_EXERCISE REQUIREMENTS_. Quote the lines from the line holding "Zeberki parki lęgowe" to the very end of the listing, exactly, and no others.

********

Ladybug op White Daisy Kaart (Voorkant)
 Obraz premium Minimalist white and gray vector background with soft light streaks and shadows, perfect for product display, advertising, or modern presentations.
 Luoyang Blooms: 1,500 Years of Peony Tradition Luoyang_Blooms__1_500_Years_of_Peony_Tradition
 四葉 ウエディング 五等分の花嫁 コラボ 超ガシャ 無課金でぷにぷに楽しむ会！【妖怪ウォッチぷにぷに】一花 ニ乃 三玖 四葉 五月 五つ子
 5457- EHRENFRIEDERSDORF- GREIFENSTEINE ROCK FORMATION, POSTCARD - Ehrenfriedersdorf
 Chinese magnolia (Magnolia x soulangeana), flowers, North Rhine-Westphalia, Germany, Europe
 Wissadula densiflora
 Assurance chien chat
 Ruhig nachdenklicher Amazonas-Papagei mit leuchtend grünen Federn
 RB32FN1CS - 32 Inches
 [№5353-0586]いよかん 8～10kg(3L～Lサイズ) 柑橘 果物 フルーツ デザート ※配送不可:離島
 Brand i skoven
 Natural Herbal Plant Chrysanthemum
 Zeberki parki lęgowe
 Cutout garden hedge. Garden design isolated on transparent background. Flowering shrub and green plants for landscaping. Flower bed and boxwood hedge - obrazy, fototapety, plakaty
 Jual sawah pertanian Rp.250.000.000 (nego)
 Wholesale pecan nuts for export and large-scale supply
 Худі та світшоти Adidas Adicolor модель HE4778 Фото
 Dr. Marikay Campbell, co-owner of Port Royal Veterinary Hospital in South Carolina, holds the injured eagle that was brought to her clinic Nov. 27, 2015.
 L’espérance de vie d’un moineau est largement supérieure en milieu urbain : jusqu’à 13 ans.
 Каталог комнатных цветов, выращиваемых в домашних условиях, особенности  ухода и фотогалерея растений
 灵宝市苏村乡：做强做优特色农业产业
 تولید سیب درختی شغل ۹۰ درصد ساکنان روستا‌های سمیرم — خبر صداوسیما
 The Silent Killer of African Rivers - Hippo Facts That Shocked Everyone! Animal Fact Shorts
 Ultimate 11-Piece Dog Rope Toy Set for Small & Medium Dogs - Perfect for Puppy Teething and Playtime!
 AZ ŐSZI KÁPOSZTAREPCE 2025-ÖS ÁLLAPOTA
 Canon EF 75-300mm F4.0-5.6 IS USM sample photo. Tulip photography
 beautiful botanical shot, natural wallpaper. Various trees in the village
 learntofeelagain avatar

********

_SOLUTION TO THE PROBLEM_.
 Zeberki parki lęgowe
 Cutout garden hedge. Garden design isolated on transparent background. Flowering shrub and green plants for landscaping. Flower bed and boxwood hedge - obrazy, fototapety, plakaty
 Jual sawah pertanian Rp.250.000.000 (nego)
 Wholesale pecan nuts for export and large-scale supply
 Худі та світшоти Adidas Adicolor модель HE4778 Фото
 Dr. Marikay Campbell, co-owner of Port Royal Veterinary Hospital in South Carolina, holds the injured eagle that was brought to her clinic Nov. 27, 2015.
 L’espérance de vie d’un moineau est largement supérieure en milieu urbain : jusqu’à 13 ans.
 Каталог комнатных цветов, выращиваемых в домашних условиях, особенности  ухода и фотогалерея растений
 灵宝市苏村乡：做强做优特色农业产业
 تولید سیب درختی شغل ۹۰ درصد ساکنان روستا‌های سمیرم — خبر صداوسیما
 The Silent Killer of African Rivers - Hippo Facts That Shocked Everyone! Animal Fact Shorts
 Ultimate 11-Piece Dog Rope Toy Set for Small & Medium Dogs - Perfect for Puppy Teething and Playtime!
 AZ ŐSZI KÁPOSZTAREPCE 2025-ÖS ÁLLAPOTA
 Canon EF 75-300mm F4.0-5.6 IS USM sample photo. Tulip photography
 beautiful botanical shot, natural wallpaper. Various trees in the village
 learntofeelagain avatar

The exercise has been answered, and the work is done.